Cuban President Raul Castro (2-R) and US President Barack Obama (L) shaking hands as Castro's grandson and bodyguard Raul Rodriguez Castro (2-L), Cuban Foreign Minister Bruno Rodriguez (C) and United Nations chief Ban Ki-moon (R) look on, moments before the opening ceremony of the VII Americas Summit, in Panama City on April 10, 2015.
AFP/Getty Images
By Karl Vick
April 10, 2015

The pivot to Asia may not have worked out terribly well, but spending spring break in Panama City turns out to be a welcome change of pace for President Obama. Every president says he’s going to pay more attention to Latin America, then ends up taking the region largely for granted while immersed in tar babies like the Middle East, which re-asserted itself with a vengeance after Obama’s heralded 2013 attempt to spend more time on China and Asia.

But the historic rapprochement with Cuba has brought breathless attention to, of all things, the Summit of the Americas, a largely ceremonial, traditionally moribund gathering of the leaders of the Organization of American States, the 35 countries of North and South America. The prospect of Obama shaking hands with Cuban President Raul Castro — realized at the Friday night official opening of the Summit, and confirmed by a statement from the National Security Council —made irresistibly personal the end of more than a half-century of official enmity, in a setting that let the entire hemisphere share the spotlight. (The White House confirmed on Friday that Obama had telephoned the Cuban leader.) Latin America may be staggering economically, and many of its prominent leaders tattooed by corruption scandals, but this weekend, at least, no one was pretending there was anything even remotely bigger at hand on foreign policy than the reunion of Washington and Havana.

The opening with Cuba animated the otherwise bland presentation to CEOs that was Obama’s first event in Panama City. “We want to congratulate you on your policy towards Cuba,” the moderator told the American President, to a round of applause.

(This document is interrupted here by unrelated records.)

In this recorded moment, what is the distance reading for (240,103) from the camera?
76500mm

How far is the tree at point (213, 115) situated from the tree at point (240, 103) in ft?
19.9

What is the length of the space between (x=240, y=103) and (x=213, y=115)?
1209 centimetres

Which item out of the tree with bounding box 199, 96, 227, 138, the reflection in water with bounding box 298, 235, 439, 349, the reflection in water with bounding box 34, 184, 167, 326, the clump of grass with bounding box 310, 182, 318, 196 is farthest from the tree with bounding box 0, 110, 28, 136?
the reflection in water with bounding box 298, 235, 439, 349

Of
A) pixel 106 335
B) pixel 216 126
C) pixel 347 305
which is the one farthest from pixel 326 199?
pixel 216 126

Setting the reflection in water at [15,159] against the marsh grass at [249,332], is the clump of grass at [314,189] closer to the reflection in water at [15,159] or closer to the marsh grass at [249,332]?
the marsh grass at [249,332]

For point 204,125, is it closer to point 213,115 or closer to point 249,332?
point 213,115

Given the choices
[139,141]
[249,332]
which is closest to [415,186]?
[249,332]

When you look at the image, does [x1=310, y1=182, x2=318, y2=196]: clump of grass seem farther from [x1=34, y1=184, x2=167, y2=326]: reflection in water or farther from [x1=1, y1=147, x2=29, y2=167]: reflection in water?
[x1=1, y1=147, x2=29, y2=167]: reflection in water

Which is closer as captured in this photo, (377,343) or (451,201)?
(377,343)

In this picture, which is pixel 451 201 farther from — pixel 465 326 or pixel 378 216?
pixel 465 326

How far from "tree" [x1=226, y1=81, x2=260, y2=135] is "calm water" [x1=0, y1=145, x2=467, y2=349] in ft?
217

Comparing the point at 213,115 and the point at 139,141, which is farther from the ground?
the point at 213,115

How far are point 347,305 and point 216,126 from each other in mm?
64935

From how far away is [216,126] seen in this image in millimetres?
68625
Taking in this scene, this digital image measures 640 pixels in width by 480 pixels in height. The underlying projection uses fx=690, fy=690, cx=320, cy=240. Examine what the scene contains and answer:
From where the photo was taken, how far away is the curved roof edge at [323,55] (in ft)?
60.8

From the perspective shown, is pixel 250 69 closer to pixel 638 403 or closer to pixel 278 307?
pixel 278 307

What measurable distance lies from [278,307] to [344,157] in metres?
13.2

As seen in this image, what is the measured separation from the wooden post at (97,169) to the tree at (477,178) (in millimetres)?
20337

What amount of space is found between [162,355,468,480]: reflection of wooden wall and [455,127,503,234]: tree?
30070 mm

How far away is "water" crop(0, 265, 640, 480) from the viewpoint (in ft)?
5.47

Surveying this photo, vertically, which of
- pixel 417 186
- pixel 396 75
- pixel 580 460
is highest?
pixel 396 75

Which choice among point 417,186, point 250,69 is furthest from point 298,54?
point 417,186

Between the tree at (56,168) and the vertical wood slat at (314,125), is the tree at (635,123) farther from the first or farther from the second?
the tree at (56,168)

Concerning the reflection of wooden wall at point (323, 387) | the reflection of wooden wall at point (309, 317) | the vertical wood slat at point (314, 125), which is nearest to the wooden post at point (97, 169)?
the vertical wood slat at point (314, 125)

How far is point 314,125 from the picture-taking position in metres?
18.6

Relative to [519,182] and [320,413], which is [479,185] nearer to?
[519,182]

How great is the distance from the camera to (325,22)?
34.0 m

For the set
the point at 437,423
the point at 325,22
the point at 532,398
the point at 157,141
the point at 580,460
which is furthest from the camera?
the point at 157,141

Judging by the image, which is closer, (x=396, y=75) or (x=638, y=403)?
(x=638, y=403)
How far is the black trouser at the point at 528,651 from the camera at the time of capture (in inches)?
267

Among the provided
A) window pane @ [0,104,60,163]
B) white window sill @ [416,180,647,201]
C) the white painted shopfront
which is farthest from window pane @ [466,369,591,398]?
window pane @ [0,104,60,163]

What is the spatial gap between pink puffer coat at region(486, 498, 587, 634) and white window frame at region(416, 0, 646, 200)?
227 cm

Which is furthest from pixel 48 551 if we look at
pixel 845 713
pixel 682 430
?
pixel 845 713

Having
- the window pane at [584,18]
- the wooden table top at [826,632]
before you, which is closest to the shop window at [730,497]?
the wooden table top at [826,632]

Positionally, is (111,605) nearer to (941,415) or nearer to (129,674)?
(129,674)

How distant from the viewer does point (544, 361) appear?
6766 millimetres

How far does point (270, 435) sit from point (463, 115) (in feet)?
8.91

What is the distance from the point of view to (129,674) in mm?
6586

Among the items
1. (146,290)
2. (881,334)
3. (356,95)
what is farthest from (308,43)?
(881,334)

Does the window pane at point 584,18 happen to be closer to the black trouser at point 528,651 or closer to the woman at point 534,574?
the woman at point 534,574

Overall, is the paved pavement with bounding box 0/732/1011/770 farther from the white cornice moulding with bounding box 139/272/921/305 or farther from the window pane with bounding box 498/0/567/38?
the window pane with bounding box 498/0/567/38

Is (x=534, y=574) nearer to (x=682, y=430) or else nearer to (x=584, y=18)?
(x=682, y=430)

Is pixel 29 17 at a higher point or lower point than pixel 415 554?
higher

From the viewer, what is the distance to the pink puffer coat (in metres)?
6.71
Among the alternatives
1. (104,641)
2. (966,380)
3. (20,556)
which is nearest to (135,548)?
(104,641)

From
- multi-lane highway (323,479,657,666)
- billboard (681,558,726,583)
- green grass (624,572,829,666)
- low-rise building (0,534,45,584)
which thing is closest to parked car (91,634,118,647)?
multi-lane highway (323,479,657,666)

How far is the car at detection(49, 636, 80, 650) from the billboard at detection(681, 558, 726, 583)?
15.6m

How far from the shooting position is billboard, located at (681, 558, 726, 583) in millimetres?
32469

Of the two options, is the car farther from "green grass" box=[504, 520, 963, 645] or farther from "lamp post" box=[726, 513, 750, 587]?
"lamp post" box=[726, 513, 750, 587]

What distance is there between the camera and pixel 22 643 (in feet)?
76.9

Obama himself seemed caught up in the energy at his next event, a speech to civil society groups. “I’m pleased to have Cuba represented with us, for the very first time,” Obama said, of Havana’s presence at the summit, from which it was barred (at Washington’s insistence) between 1962 and 2009.

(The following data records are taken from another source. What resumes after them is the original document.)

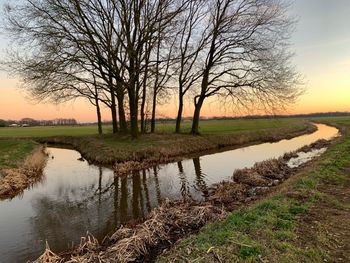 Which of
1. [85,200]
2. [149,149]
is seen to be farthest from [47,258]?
[149,149]

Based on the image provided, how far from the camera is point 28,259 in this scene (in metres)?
7.23

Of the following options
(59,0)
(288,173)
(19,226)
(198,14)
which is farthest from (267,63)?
(19,226)

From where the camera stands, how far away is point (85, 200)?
41.3 feet

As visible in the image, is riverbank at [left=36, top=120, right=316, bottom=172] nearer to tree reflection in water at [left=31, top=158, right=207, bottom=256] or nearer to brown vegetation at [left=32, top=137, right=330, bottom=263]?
tree reflection in water at [left=31, top=158, right=207, bottom=256]

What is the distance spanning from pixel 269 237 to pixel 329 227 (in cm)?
149

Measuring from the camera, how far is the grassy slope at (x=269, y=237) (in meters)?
5.48

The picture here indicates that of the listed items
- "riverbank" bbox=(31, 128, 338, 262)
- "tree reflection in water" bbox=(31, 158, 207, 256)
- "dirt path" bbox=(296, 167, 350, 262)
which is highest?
"dirt path" bbox=(296, 167, 350, 262)

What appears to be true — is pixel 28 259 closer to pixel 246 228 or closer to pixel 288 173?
pixel 246 228

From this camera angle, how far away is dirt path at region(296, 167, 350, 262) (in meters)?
5.80

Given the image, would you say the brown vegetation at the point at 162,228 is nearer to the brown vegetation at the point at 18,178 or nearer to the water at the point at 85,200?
the water at the point at 85,200

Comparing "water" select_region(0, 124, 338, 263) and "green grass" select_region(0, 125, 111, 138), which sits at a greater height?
"green grass" select_region(0, 125, 111, 138)

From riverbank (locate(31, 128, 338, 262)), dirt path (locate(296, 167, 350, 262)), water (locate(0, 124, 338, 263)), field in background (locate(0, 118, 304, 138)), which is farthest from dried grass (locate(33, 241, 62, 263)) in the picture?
field in background (locate(0, 118, 304, 138))

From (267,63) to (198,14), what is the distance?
909 cm

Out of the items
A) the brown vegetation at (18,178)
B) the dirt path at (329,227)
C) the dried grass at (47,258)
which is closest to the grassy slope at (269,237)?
the dirt path at (329,227) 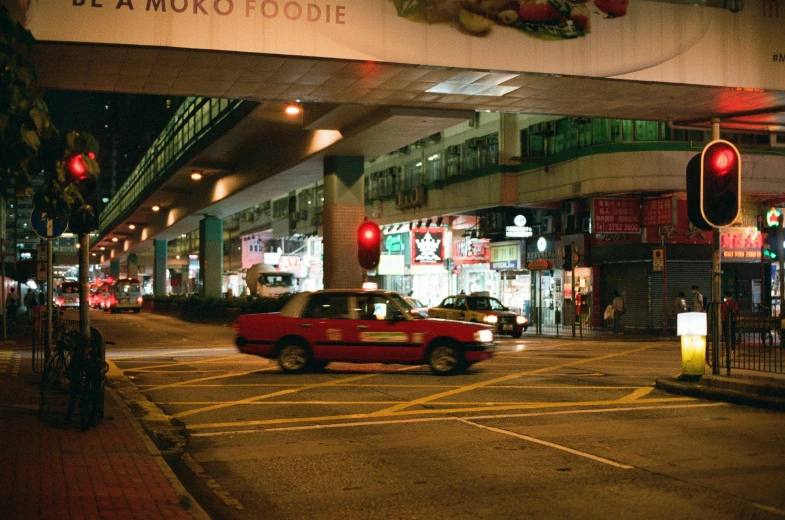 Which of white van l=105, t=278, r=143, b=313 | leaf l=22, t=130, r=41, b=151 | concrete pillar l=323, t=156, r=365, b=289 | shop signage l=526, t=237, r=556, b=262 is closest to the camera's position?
leaf l=22, t=130, r=41, b=151

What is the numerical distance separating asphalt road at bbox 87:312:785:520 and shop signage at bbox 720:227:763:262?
56.3ft

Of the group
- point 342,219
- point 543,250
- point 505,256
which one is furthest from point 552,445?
point 505,256

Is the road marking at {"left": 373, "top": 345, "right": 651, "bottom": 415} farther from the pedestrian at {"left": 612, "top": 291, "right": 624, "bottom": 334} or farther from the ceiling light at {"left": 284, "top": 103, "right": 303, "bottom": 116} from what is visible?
the pedestrian at {"left": 612, "top": 291, "right": 624, "bottom": 334}

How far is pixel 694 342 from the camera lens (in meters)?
14.8

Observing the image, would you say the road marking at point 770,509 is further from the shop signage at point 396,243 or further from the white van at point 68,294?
the white van at point 68,294

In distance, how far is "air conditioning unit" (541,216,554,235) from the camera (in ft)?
127

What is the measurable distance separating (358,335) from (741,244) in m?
22.0

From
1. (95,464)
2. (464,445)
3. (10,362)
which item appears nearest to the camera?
(95,464)

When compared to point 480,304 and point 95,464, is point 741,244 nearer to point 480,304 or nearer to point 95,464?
point 480,304

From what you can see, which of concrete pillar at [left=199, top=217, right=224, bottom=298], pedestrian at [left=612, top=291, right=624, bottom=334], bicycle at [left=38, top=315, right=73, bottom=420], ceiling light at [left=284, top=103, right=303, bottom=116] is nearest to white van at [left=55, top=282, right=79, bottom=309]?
concrete pillar at [left=199, top=217, right=224, bottom=298]

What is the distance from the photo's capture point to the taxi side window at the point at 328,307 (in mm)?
17438

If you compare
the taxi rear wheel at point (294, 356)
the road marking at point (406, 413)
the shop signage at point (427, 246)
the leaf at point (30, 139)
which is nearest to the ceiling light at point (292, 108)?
the taxi rear wheel at point (294, 356)

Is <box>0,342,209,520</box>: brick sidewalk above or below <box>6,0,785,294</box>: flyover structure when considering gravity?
below

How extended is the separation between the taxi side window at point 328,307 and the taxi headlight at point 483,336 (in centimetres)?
261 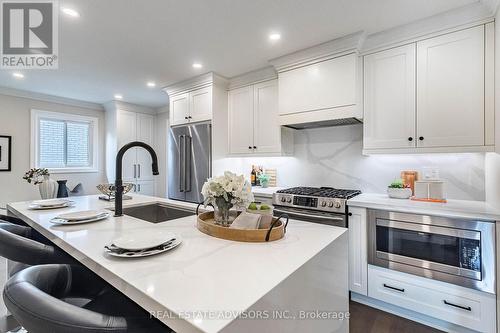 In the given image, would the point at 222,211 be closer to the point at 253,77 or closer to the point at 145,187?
the point at 253,77

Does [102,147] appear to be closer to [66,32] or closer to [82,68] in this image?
[82,68]

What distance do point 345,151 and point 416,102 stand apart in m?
0.89

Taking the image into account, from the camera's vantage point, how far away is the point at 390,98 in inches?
88.4

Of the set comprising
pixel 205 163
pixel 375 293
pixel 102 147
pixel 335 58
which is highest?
pixel 335 58

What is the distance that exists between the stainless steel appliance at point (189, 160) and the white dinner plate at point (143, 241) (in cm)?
222

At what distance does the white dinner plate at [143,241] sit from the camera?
0.94m

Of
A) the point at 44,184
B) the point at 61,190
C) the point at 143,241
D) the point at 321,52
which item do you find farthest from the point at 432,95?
the point at 61,190

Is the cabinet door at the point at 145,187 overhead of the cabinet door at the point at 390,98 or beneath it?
beneath

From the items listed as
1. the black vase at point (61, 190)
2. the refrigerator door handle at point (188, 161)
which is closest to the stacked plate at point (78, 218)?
the refrigerator door handle at point (188, 161)

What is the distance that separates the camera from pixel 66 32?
7.16ft

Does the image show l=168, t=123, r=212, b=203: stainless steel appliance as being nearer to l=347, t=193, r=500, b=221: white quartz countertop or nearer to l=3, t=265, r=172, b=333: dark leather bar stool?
l=347, t=193, r=500, b=221: white quartz countertop

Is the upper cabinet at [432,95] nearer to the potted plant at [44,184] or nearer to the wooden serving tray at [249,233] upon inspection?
the wooden serving tray at [249,233]

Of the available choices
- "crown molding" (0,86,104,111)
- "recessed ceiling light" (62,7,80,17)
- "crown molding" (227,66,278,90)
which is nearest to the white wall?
"crown molding" (0,86,104,111)

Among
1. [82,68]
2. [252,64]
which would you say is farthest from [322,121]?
[82,68]
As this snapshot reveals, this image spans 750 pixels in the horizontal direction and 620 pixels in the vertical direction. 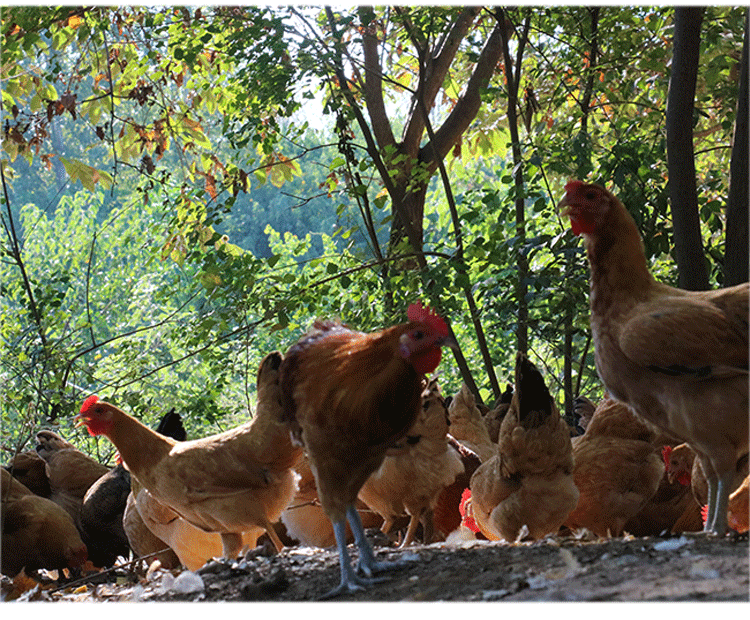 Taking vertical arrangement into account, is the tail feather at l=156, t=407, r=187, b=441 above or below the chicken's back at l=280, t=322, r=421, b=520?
below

He then delivered an ardent appeal for ordinary citizens to involve themselves in public policy, citing his debt to the American civil rights movement for the changes that led to his own historic election. Obama brought up Cuba again, asserting that the U.S. goal was not to “impose” change on the island but to empower Cubans to improve their own lives.

The loudest applause, however, followed Obama’s statement that, “The days in which our agenda in this hemisphere so often presumed that the United States could meddle with impunity, those days are past.” As the applause continued, he held up a finger. “But we have to be very clear,” he said, that U.S. support for groups who “spoke truth to power” should be viewed as altruistic rather than hegemonic. “We have a debt to pay, because the voices of ordinary people made us better,” Obama concluded. “That’s a debt I want to pay in this hemisphere and around the world.”

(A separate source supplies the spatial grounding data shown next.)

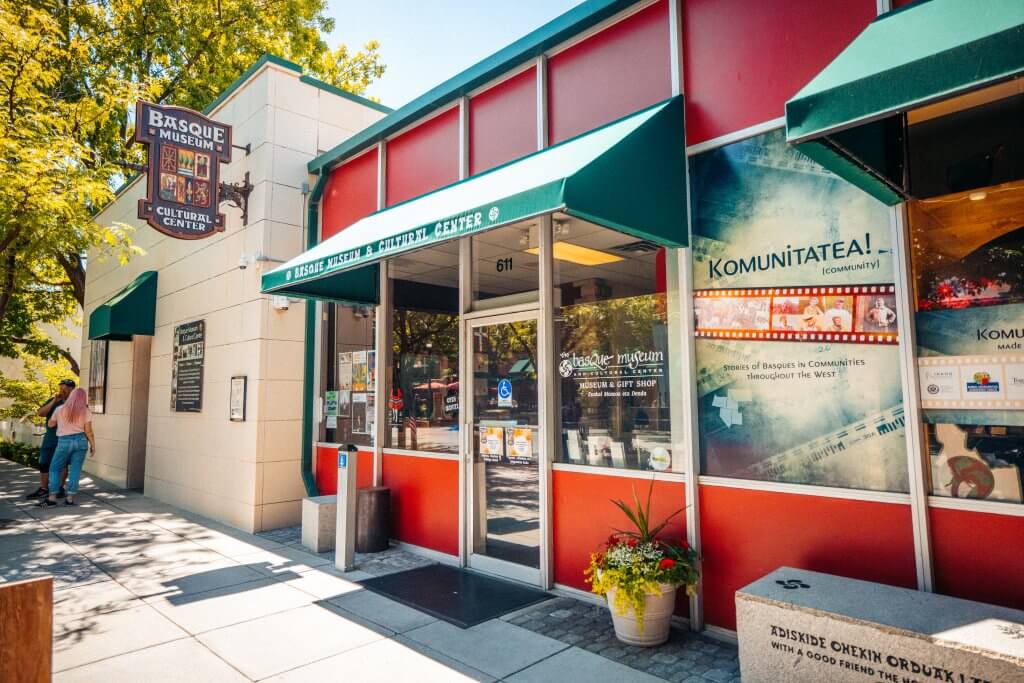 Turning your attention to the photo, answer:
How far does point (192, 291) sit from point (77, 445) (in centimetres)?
289

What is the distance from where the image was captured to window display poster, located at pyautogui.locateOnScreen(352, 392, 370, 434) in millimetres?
7414

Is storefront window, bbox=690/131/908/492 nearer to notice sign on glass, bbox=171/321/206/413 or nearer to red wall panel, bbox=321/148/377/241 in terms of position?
red wall panel, bbox=321/148/377/241

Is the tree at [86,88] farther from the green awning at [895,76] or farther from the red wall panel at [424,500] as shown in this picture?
the green awning at [895,76]

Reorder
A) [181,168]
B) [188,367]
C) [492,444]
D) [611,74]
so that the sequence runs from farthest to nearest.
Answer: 1. [188,367]
2. [181,168]
3. [492,444]
4. [611,74]

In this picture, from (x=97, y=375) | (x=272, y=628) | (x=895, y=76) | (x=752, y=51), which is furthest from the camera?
(x=97, y=375)

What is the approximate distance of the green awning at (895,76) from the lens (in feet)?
7.91

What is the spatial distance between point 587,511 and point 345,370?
13.5ft

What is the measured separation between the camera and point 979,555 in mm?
3168

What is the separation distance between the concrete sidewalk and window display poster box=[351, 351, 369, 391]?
1.96 metres

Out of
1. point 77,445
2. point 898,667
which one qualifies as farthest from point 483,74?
point 77,445

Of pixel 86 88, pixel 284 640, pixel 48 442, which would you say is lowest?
pixel 284 640

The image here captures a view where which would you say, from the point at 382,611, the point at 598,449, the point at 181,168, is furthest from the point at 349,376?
the point at 598,449

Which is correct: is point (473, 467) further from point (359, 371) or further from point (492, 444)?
point (359, 371)

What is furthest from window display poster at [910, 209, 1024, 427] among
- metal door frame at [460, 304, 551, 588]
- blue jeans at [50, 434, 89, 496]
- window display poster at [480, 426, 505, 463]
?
blue jeans at [50, 434, 89, 496]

Resentment over the United States’ sometimes heavy-handed history in the hemisphere remains one of the engines of politics in the region. Anti-Americanism has proved a handy cudgel for leaders such as Nicolas Maduro, the embattled Venezuelan president who was a protege of the late, and much more effective Hugo Chavez. Venezuela has been a huge patron of Cuba, and Maduro arrived at the summit with a petition signed by several million Venezeulans protesting the threatening language in a recent Obama executive order imposing sanctions on Maduro officials implicated in abusing protesters and political opponents. Maduro’s first stop in Panama City was a memorial to the more than 500 civilians killed in the 1989 U.S. invasion of the city. He was greeted with chants of “Maduro, stick it to the Yankee!”

Just so the U.S. still knows where it is.